Rumours had it other surreptitiously camouflaged as genuine associations were created and bankrolled by the government to stave off the challenge posed by the in-contention opposition associations. The cancellation of voter registration was one of the reasons the political associations mistrusted the process and saw it as a plot to dishonestly arrange the result of the election before it happened. The political associations wrote a letter to the donors raising their concern about the cancellation of voter registration and stated that they wouldn't contest unless the voter registration was reinstated. There was a lack of dispute resolution mechanisms in place to handle election disputes.

Furthermore, the government failed to establish a constitutional court, which was one of the reasons the political associations mistrusted the fairness of the election process since there was no way to seek redress.
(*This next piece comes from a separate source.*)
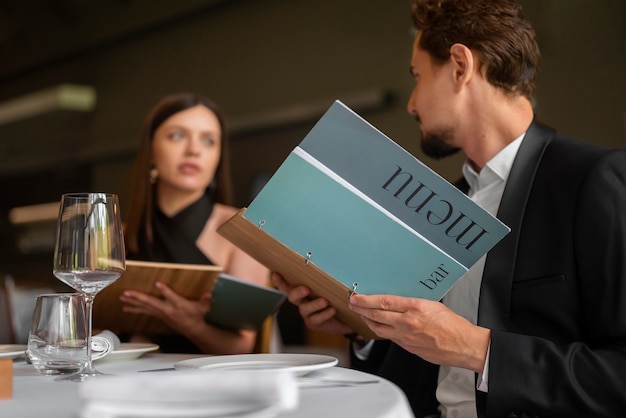 Pareja de tiro medio almorzando en un restaurante de lujo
Neither was there an alternative dispute resolution model to handle the election process. The oppositions argued freedom of expression and assembly are sin quo none to a free and fair election. The government restricted the media from broadcasting dissenting voices. Also, some of the media outlets that are suspected of being favourable to the opposing associations had been shut down all together. The final nail of the coffin had been the banning of assembly, which had consigned Puntland's first democratization experiment into the penumbra.

Will Said Deni's government achieve the second experiment to implement the multiparty system?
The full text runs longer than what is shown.